**Records from a dataset:**
============================================================

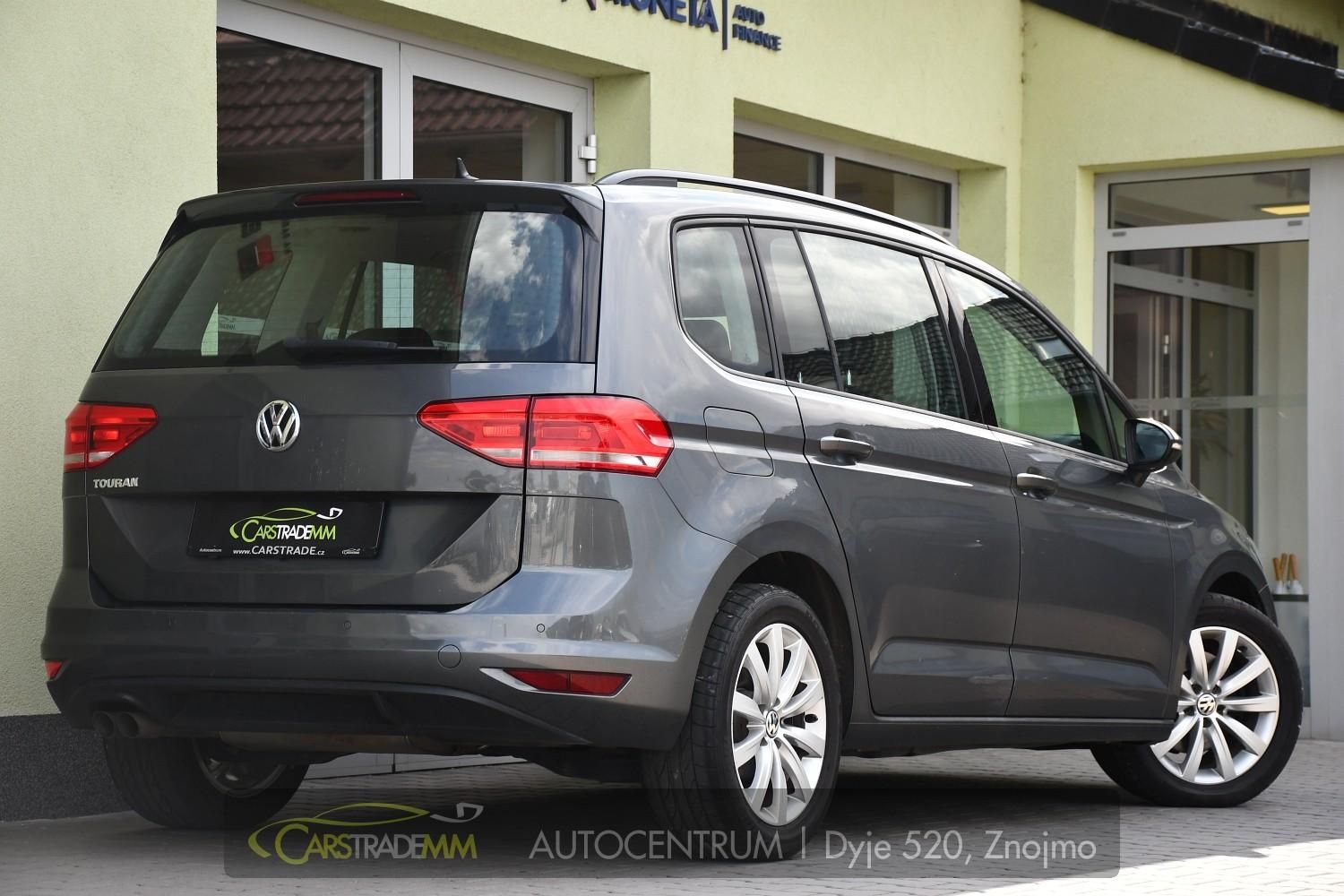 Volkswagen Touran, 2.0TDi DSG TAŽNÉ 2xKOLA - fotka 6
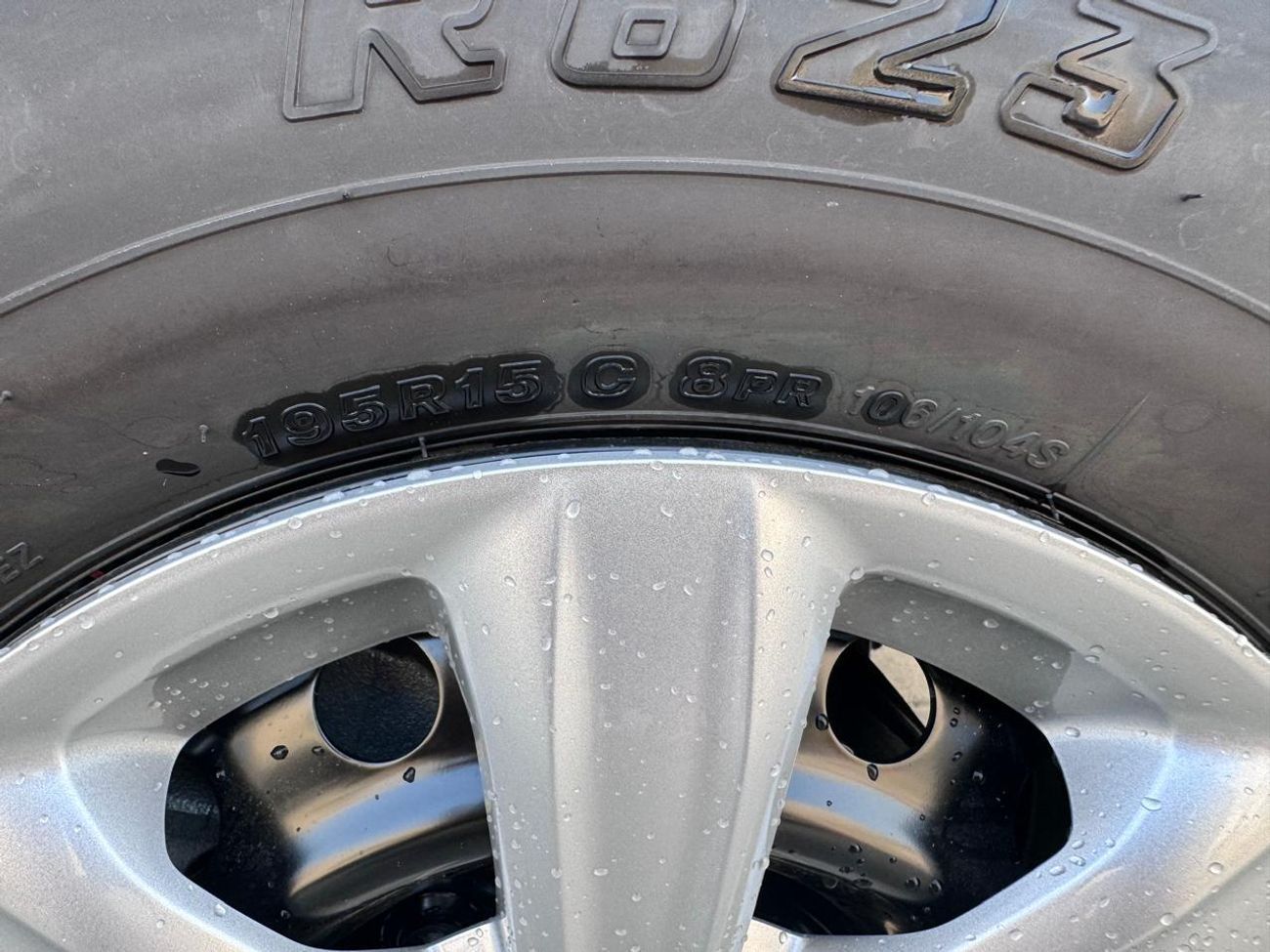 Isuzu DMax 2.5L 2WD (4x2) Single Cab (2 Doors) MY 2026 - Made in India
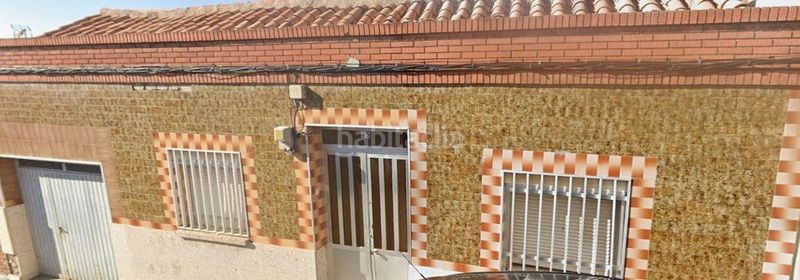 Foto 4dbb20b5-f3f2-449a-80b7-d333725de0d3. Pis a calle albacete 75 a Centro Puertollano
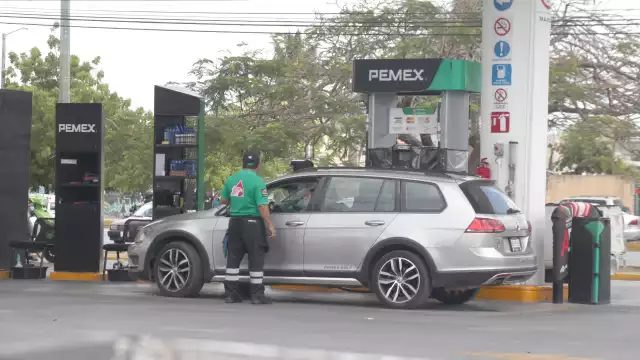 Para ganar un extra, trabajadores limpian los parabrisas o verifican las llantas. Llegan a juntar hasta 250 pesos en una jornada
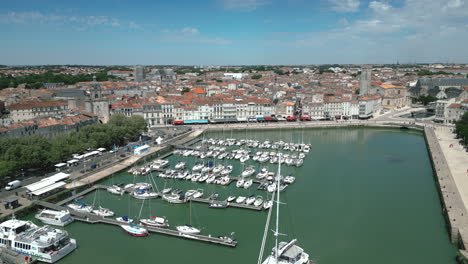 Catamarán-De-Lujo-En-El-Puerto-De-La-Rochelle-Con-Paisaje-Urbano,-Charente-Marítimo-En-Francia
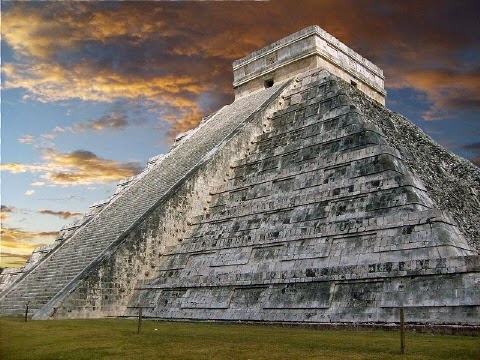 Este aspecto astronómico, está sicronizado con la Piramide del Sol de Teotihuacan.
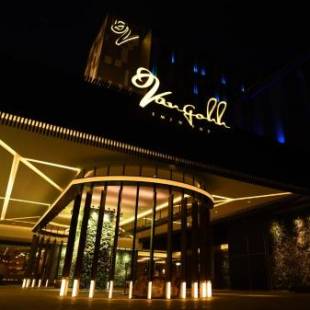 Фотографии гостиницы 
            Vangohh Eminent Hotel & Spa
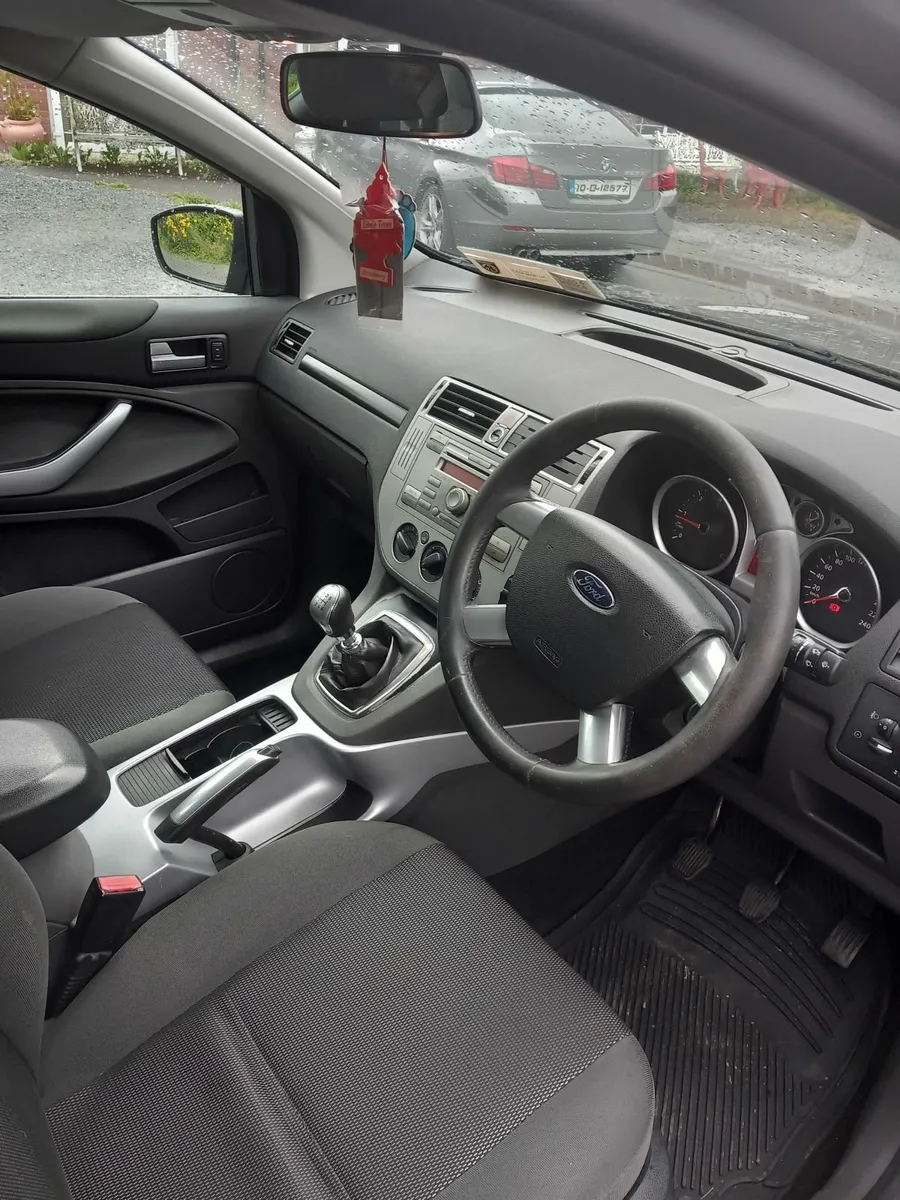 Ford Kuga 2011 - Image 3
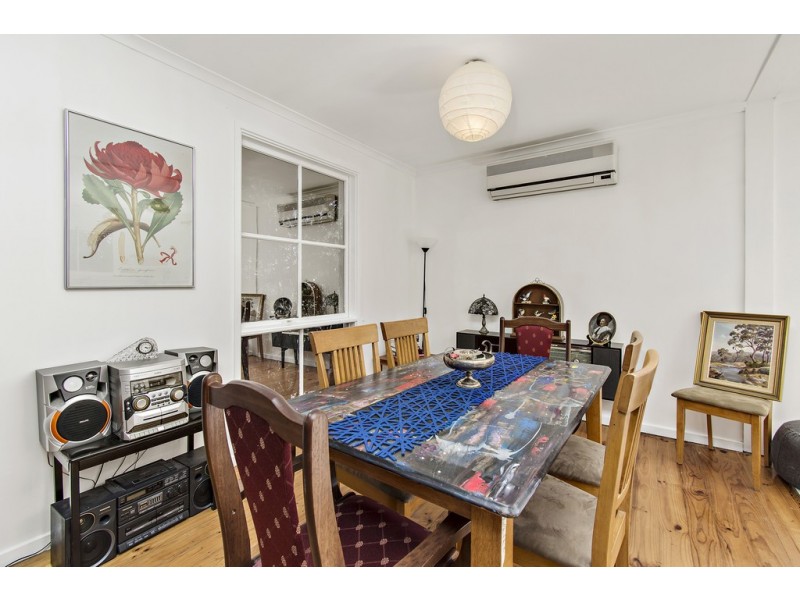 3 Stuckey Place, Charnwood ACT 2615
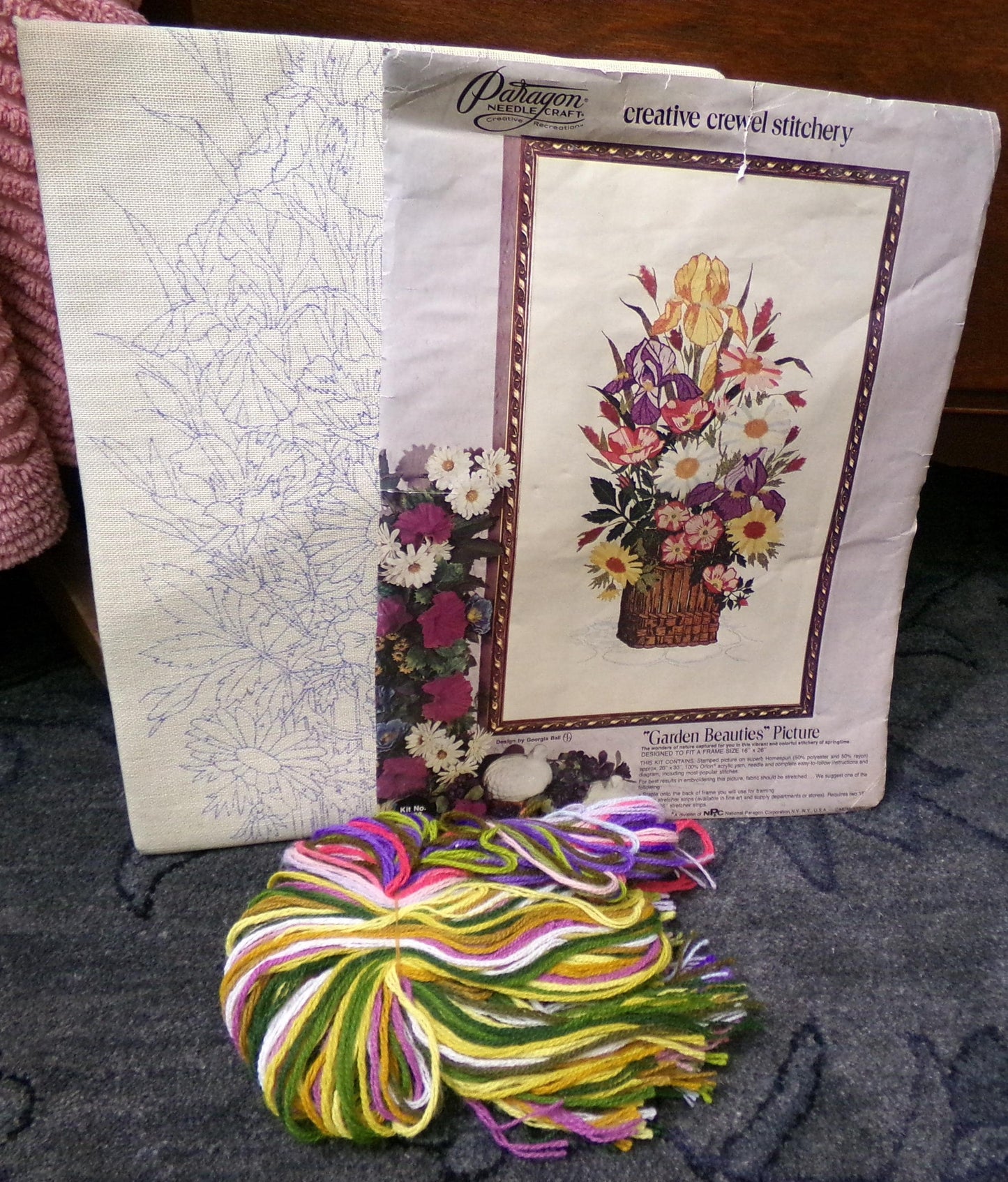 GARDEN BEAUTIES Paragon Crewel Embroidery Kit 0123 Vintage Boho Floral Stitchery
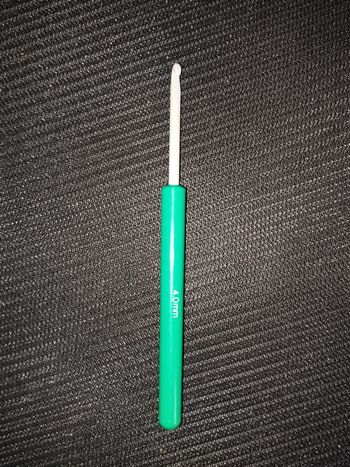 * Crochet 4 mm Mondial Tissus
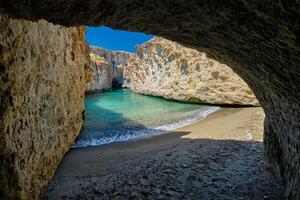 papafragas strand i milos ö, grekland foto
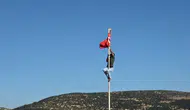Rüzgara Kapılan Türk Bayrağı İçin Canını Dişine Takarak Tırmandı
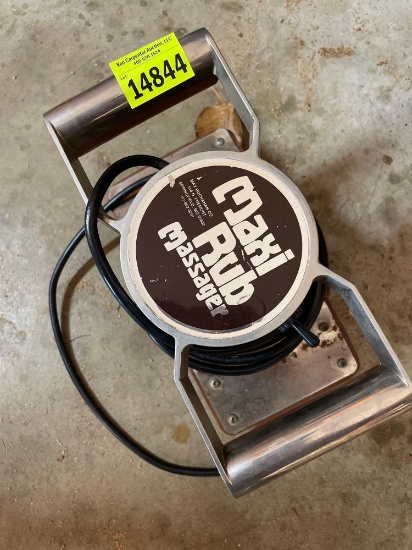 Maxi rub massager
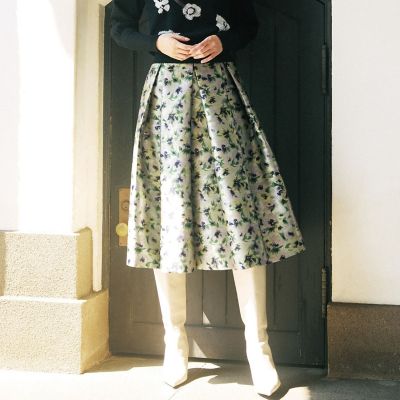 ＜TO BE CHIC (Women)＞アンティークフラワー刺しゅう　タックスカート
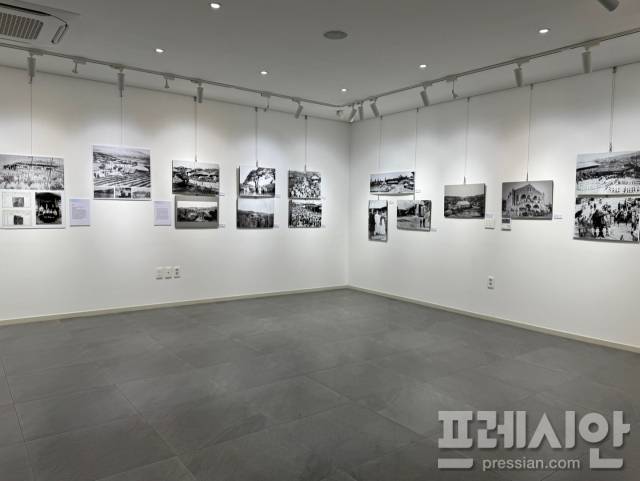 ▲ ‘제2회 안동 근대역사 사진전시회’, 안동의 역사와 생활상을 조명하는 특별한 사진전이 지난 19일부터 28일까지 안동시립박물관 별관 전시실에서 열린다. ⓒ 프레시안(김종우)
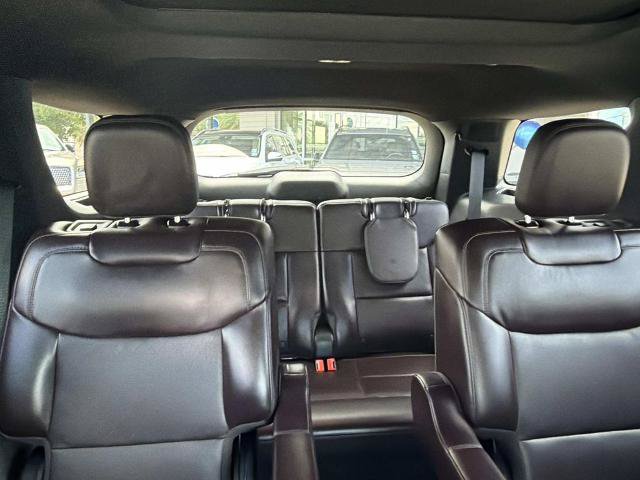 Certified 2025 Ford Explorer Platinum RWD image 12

============================================================

Without the images, write out all of the records exactly.

**Task response:**
 Volkswagen Touran, 2.0TDi DSG TAŽNÉ 2xKOLA - fotka 6
 Isuzu DMax 2.5L 2WD (4x2) Single Cab (2 Doors) MY 2026 - Made in India
 Foto 4dbb20b5-f3f2-449a-80b7-d333725de0d3. Pis a calle albacete 75 a Centro Puertollano
 Para ganar un extra, trabajadores limpian los parabrisas o verifican las llantas. Llegan a juntar hasta 250 pesos en una jornada
 Catamarán-De-Lujo-En-El-Puerto-De-La-Rochelle-Con-Paisaje-Urbano,-Charente-Marítimo-En-Francia
 Este aspecto astronómico, está sicronizado con la Piramide del Sol de Teotihuacan.
 Фотографии гостиницы 
            Vangohh Eminent Hotel & Spa
 Ford Kuga 2011 - Image 3
 3 Stuckey Place, Charnwood ACT 2615
 GARDEN BEAUTIES Paragon Crewel Embroidery Kit 0123 Vintage Boho Floral Stitchery
 * Crochet 4 mm Mondial Tissus
 papafragas strand i milos ö, grekland foto
Rüzgara Kapılan Türk Bayrağı İçin Canını Dişine Takarak Tırmandı
 Maxi rub massager
 ＜TO BE CHIC (Women)＞アンティークフラワー刺しゅう　タックスカート
 ▲ ‘제2회 안동 근대역사 사진전시회’, 안동의 역사와 생활상을 조명하는 특별한 사진전이 지난 19일부터 28일까지 안동시립박물관 별관 전시실에서 열린다. ⓒ 프레시안(김종우)
 Certified 2025 Ford Explorer Platinum RWD image 12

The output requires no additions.